Almost 10 years ago, we redesigned our back garden – installing a large wooden cabin, housing a hot tub and replacing the boggy grass with pebbles. At the time, neither of us had any interest in maintaining a garden, nor did we have any children or dogs. As is common with new builds, the garden was heavily compacted, and the clay soil below further hampered drainage. The garden is also north-facing, and our 3-storey house and a row of large silver birch trees means it’s almost permanently in shade – all these factors combined make real grass a huge challenge to grow and maintain.
As soon as children came along, the garden started to become used more often – a trampoline was added, a slide and the usual assortment garden toys.
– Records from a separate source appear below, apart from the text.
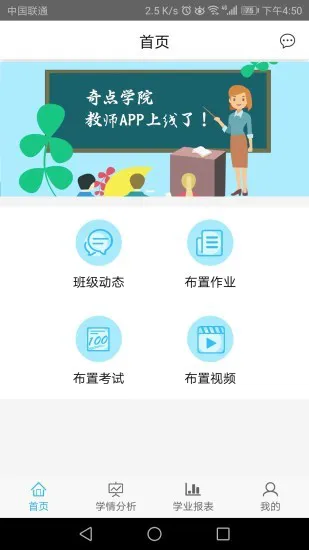 奇点学院老师版 v1.3.1 安卓版 1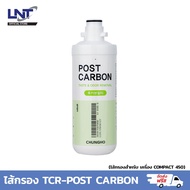 ไส้กรองน้ำ TCR-POST CARBON (Post Carbon Filter) / ใช้กับเครื่อง COMPACT 450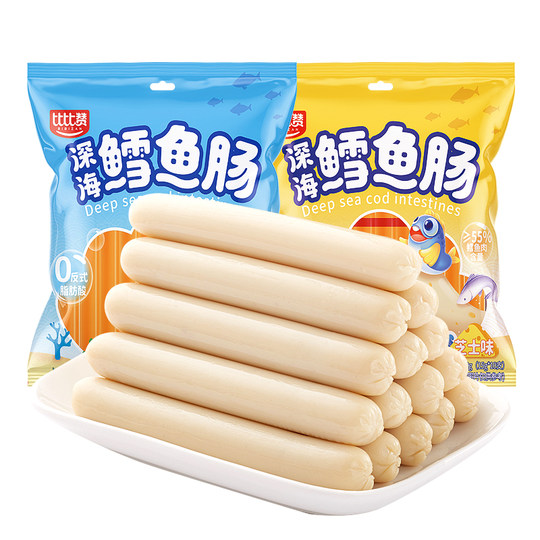 Bibizan cod sausage 80 sticks to satisfy your hunger and satisfy your cravings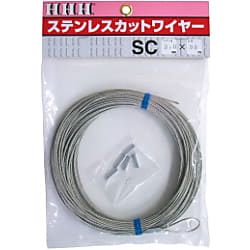 ステンレスカットワイヤー（端末加工付・パック入）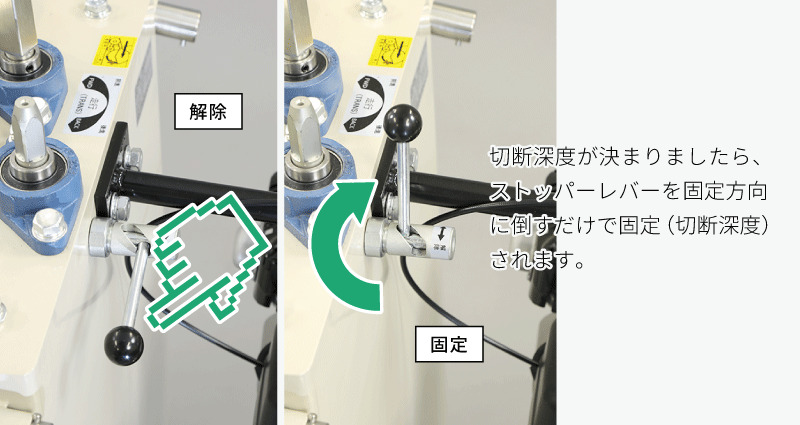 エクセン】[ERC14DC](ｺﾝｸﾘｰﾄｶｯﾀｰ) ERC14DC 湿式半自走なら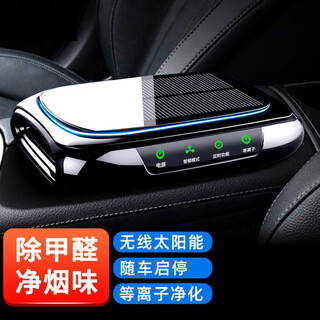 Juchebao solar car air purifier new car negative ion purification removes formaldehyde sterilization odor smoke odor classic k12 black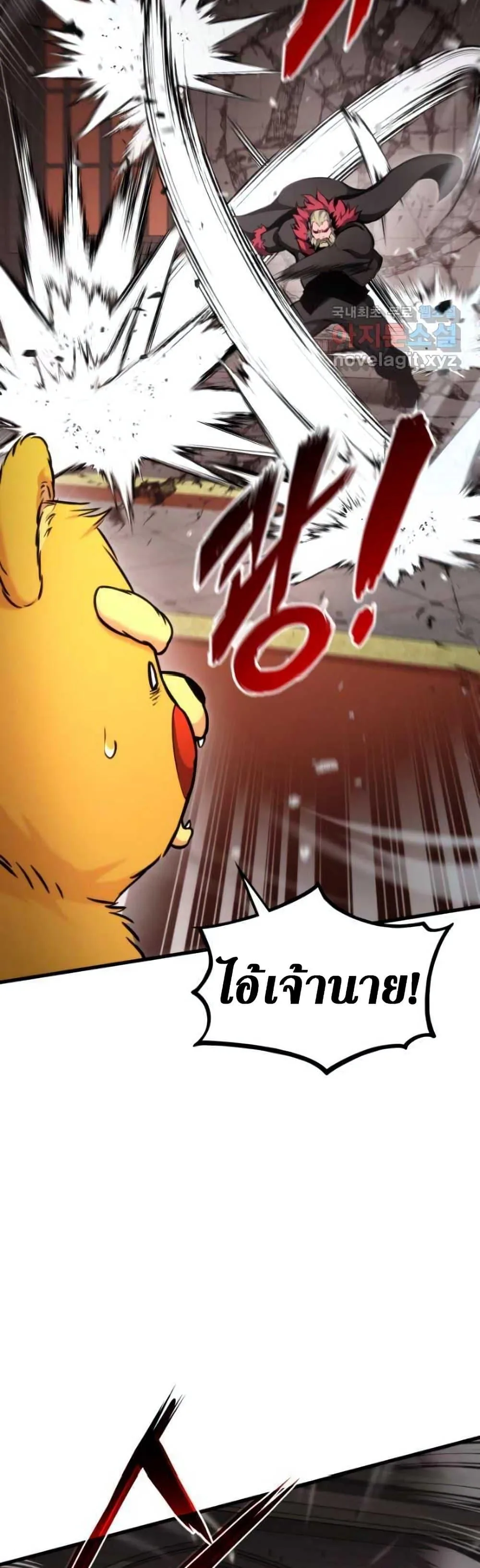 Ranker’s Return (Remake) การกลับมาของแรงเกอร์ ตอนที่ 88 หน้า 30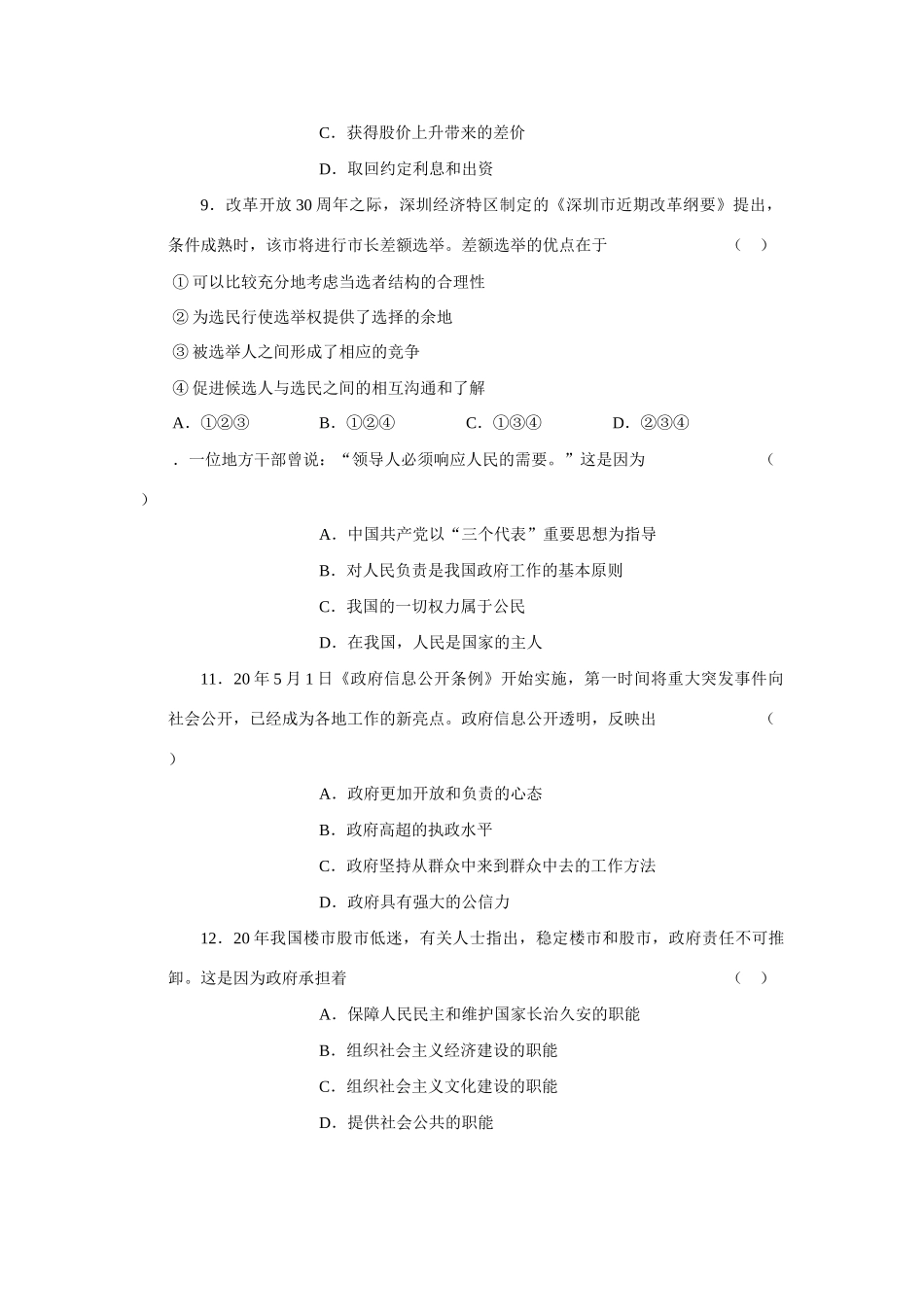 届广东省实验中学高三第二次阶段测试试卷政治试题_第3页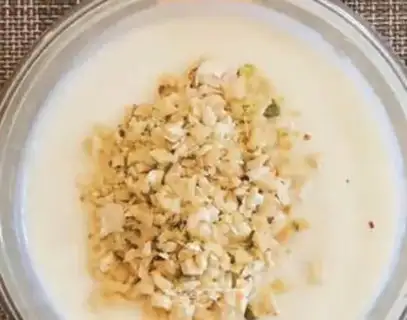 Make Yogurt step 0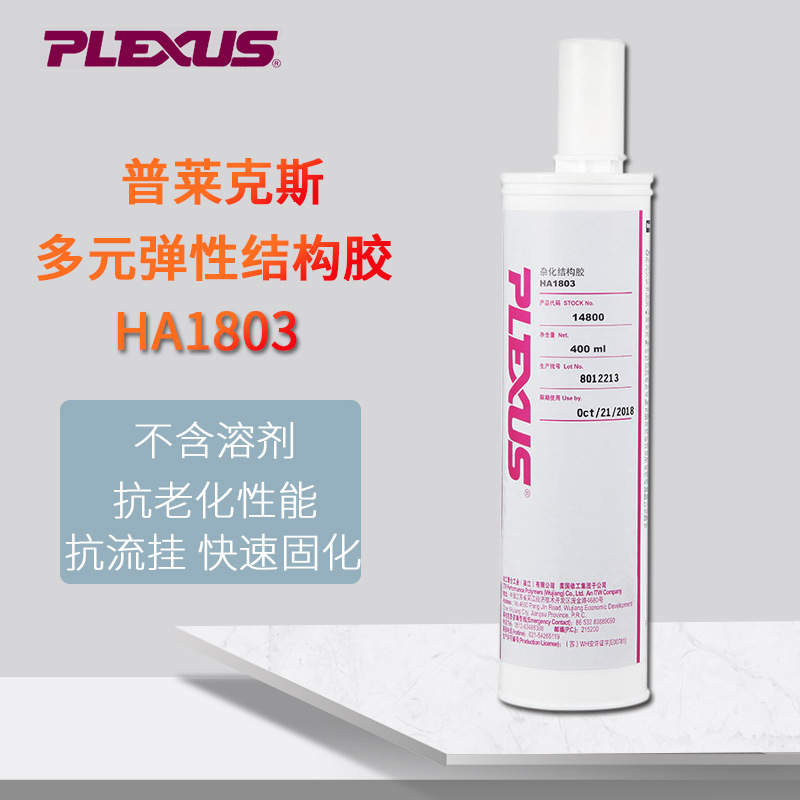 Plexus普莱克斯HA1803具有中等模量弹性双组分多元结构胶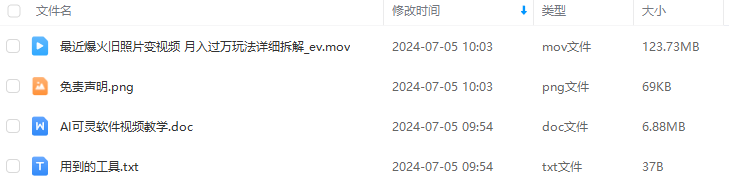 3dcffa08bcd067413c3415e89e832e4b.png 3dcffa08bcd067413c3415e89e832e4b.png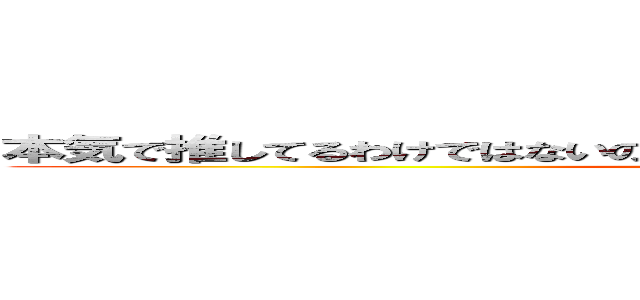 本気で推してるわけではないので周りとの温度差が気になってる巨人  ()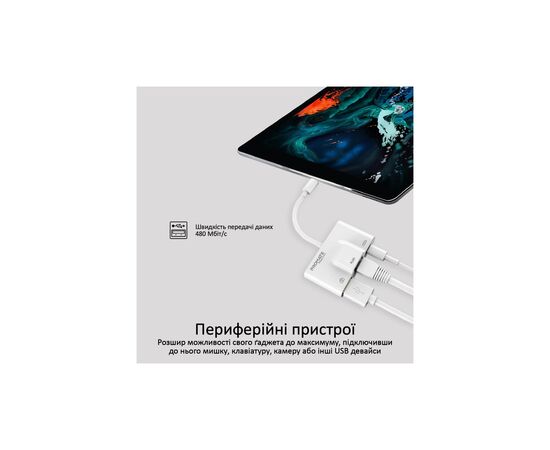 Адаптер Lightning to RJ45 Ethernet + USB 3.0 OTG + Lightning Promate (gigalink-i.white), изображение 6 Адаптер Lightning to RJ45 Ethernet + USB 3.0 OTG + Lightning Promate (gigalink-i.white), изображение 6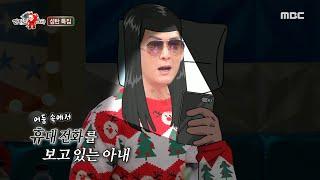 [라디오스타] 박준형 아내가 방으로 피신하게 된 사연은?!, MBC 241225 방송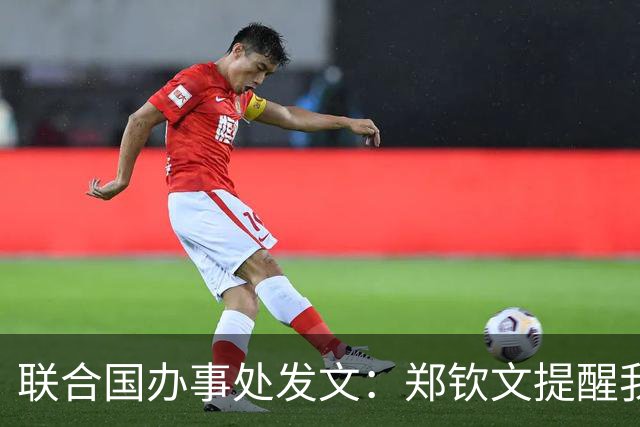 联合国办事处发文：郑钦文提醒我们，挫折并不是故事的终点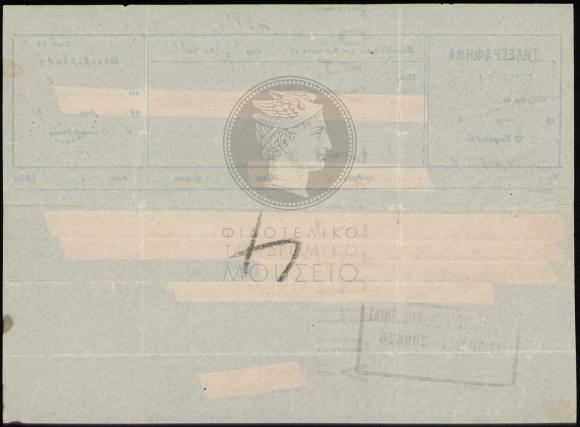 E62-181_2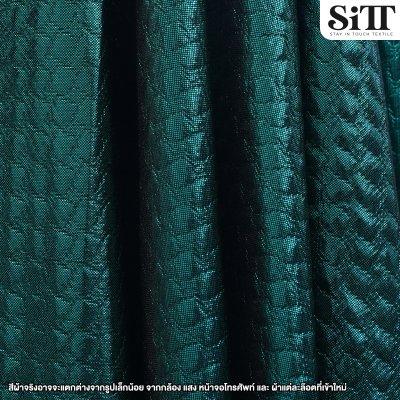 ผ้าบั๊มนูน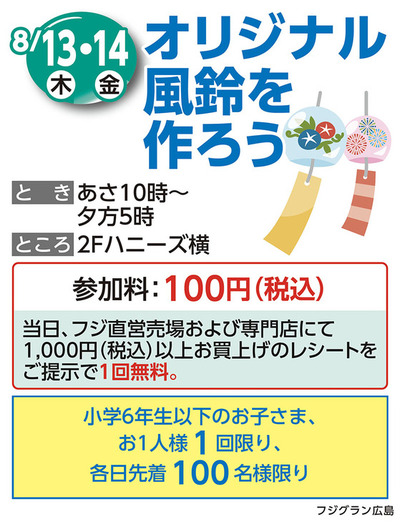 hiroshima-5-1.jpg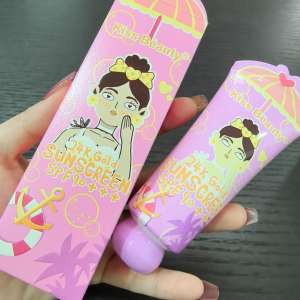 Fun Live New kiss beauty 24K gold sunscreen SPF90+++effectively resists UVA and UVB
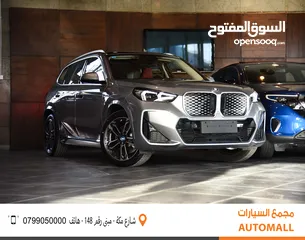  1 بي ام دبليو iX1 كهربائية بالكامل 2024 BMW iX1 xDrive30L EV AWD M Sport Kit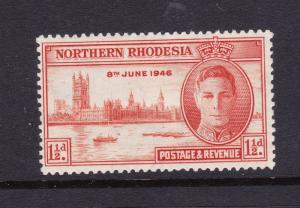 Northern Rhodesia the MH 1.5d Victory stamp (1946) perf 13.5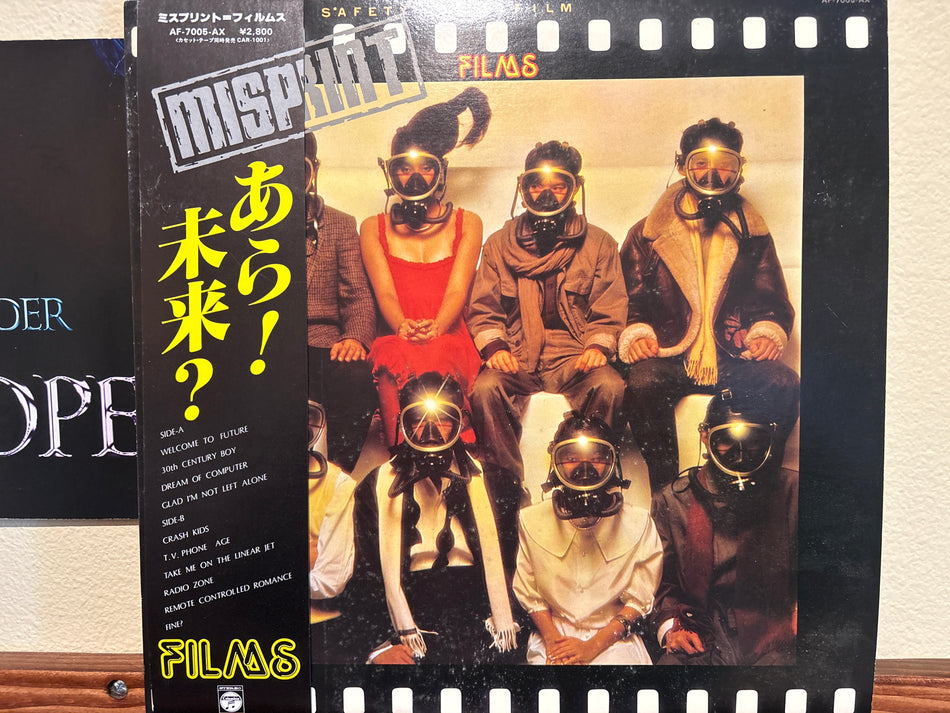 Films - Misprint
However, no matter how good decking looks in summer, after any rain it quickly becomes like an ice-rink. Together with pebbles not being especially pleasant to walk on in bare feet, the time has come to make it more of a garden.
‘Real’ grass still isn’t feasible – the cost of ‘fixing’ the drainage would be extortionate, and with (rather energetic!) dogs, it would likely be dug up in no time anyway. But, we still want to introduce more greenery into the garden. Artificial Grass is the obvious solution, and has the benefit of requiring no maintenance, fairly quick to dry and no mud for the dogs to bring into the house!
We have already removed the decking closest to the house and replaced with brick pavers, with a brick path added to one side. The top of the garden, currently home to the soon-to-be demolished 5.5m x 3.5m cabin, will be fenced off to create a ‘dog free’ zone – as much as they enjoy bouncing on the trampoline, Sam isn’t quite so keen on sharing it with them! So this area will become a ‘secret’ garden and home to the trampoline – and eventually a shed for the inevitable bikes, scooters, hula-hoops and whatever else the children decide they ‘must have’ this summer.
That leaves us with a reasonably large area in the middle of the garden for artificial grass – the best position for the 2 hours of sun our garden occasionally gets, and a large enough space for the dogs to run around, or for us to sit and relax.
Ideally, we’d like to introduce some ‘real’ planting too – perhaps some hedging to soften the ‘secret garden’ fence, some climbers on the side fences etc – but planting anything and expecting the dogs not to dig it back up will be a challenge!
We are busy saving for artificial grass now – hopefully we will be able to get it down by the end of the Summer. Have you got any experience of it? I’d love to know how it’s worked out in your garden.